# Understanding Lie algebra of matrix Lie group

In my lecture, we gave a very sloppy (physics people ...) proof of the fact that the Lie algebra $$\mathfrak{g}$$ of a matrix Lie group $$G$$ is a subspace of $$\text{Mat}_n(\mathbb{F})$$. I am not satisfied and I would love to understand this fact in the language of differential geometry that I am learning right now.

What I know:

The Lie algebra $$\mathfrak{g}$$ of a matrix Lie group $$G$$ is the set of all left-invariant vector fields on $$G$$. This set is isomorphic to the tangent space at the identity of the Lie group $$G$$. The elements $$v$$ of the tangent space at the identity are according to my definition of the tangent space real-valued functions $$v:F(G)\to \mathbb{R}$$ where $$F(M)$$ is the set of all smooth-real valued functions on the manifold $$G$$. The tangent vectors are $$\mathbb{R}$$ linear and fulfil a Leibniz rule and the tangent space at $$p$$, namely $$T_pG$$ is simply the set of all these tangent vectors.

What I want to know

Given the above definitions, how can I formally understand that the members of the tangent space at the identity of a matrix Lie group are matrices?
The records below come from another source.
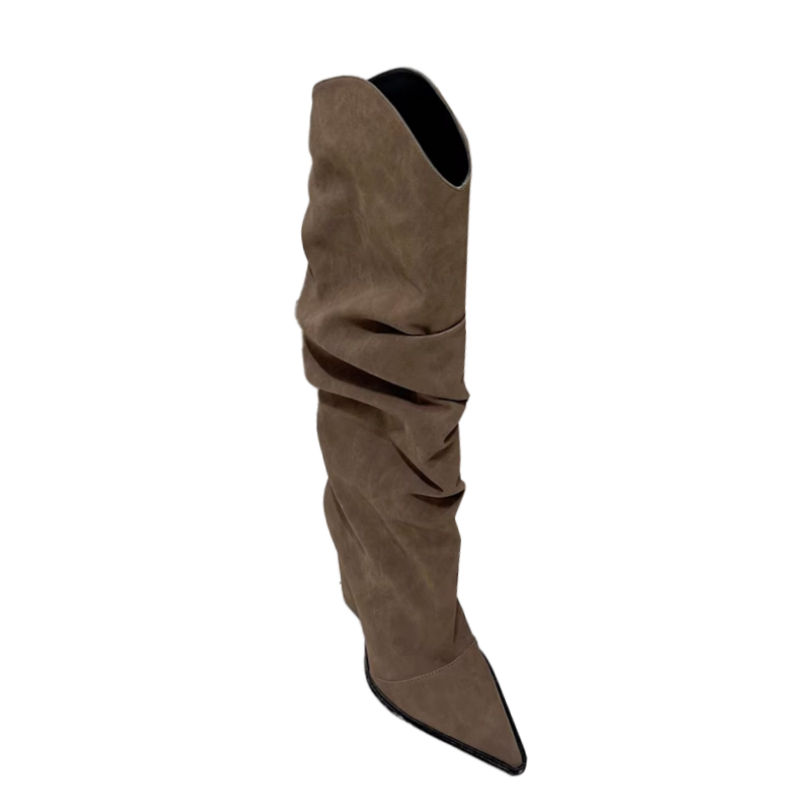 Fold Knee High Boots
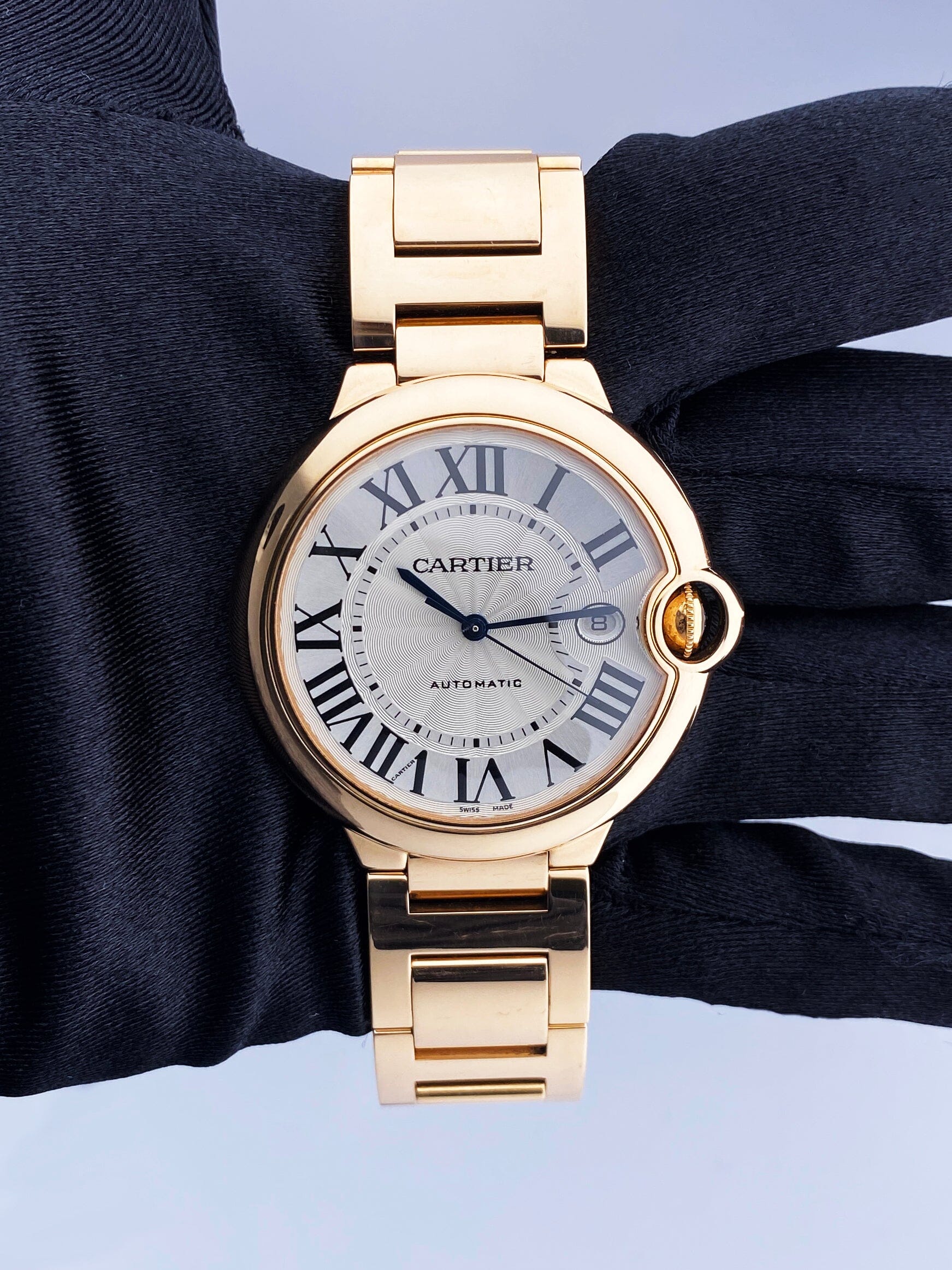 Cartier Ballon Bleu WGBB0016 18K Rose Gold Mens Watch Box Papers - Virtual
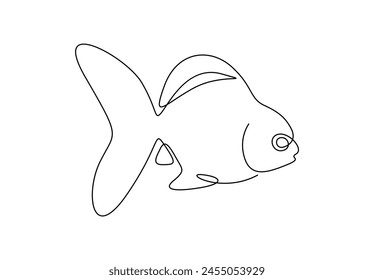 Goldfish in one continuous line drawing vector illustration 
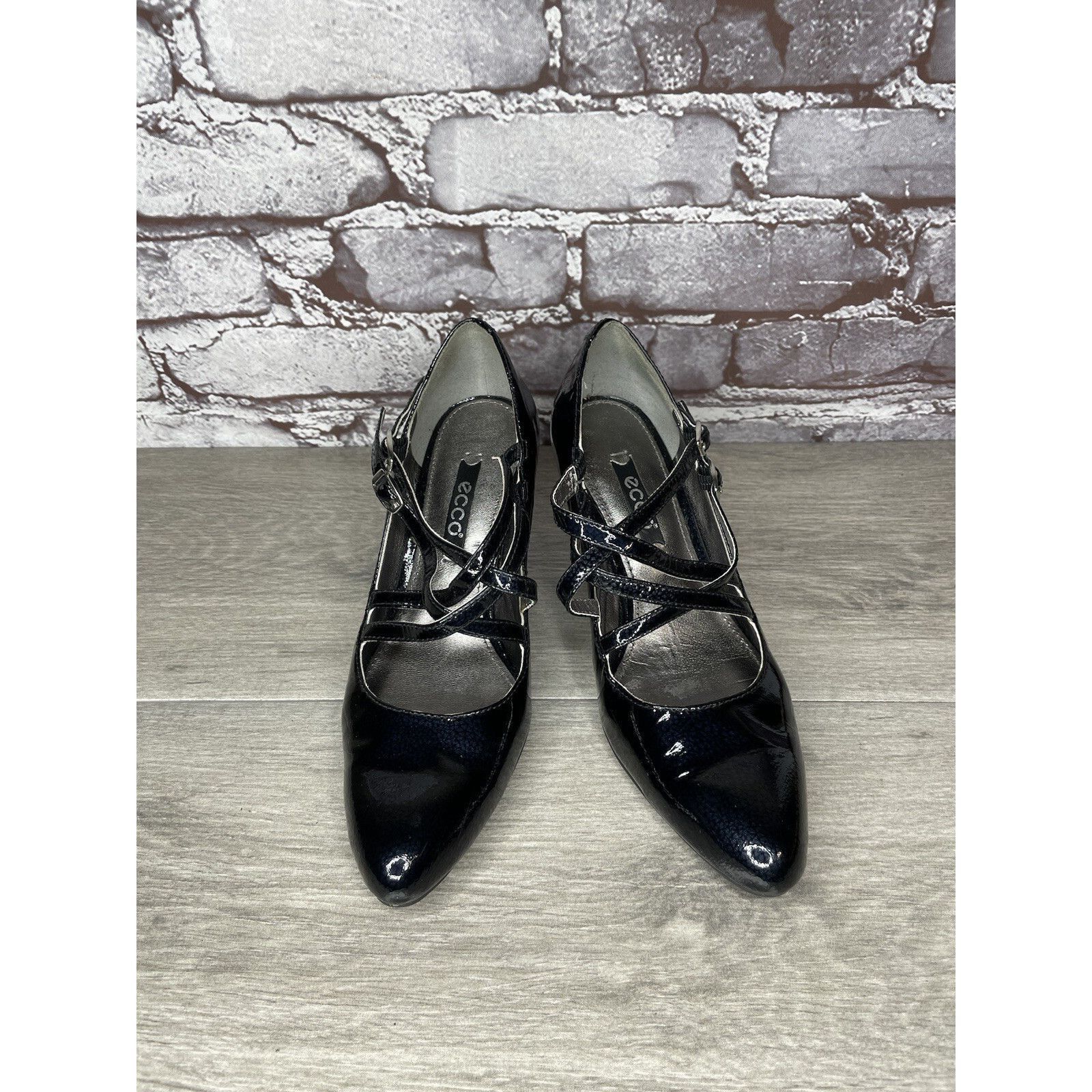Ecco Ecco Navy Blue Patent Leather Mary Jane Strap Heels Shoes Wo Size US 5 / IT 35 - 4 Thumbnail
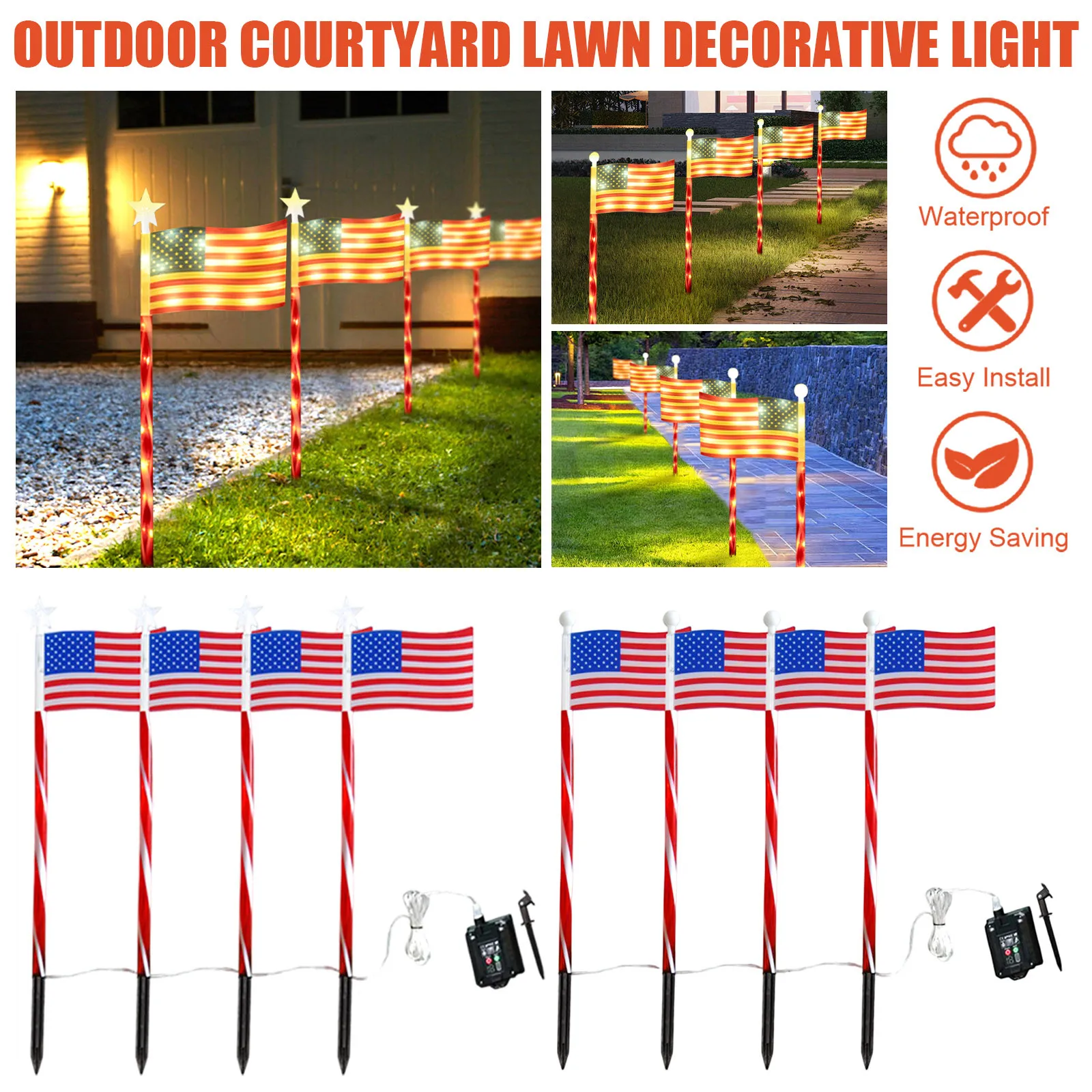 

Led American Flag Stake Lights Patriotic Garden Flag Lights Waterproof Outdoor Pathway Lamps 4th Of July Yard Lawn Ornament 2026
A matrix Lie group is a closed subgroup of $$\text{GL}(n,\mathbb{K})$$ where $$\mathbb{K}=\mathbb{R}$$ or $$\mathbb{C}$$

Now $$\text{GL}(n,\mathbb{K})$$ is an open subset of the vector space $$\mathbb{K}^{n\times n},$$ and you may use:

1. If $$V$$ is a vector space of dimension $$n,$$ any norm in $$V$$ determines a topology independent of the choice of the norm, and $$V$$ has a standard smooth structure making it into an $$n$$-dimensional manifold.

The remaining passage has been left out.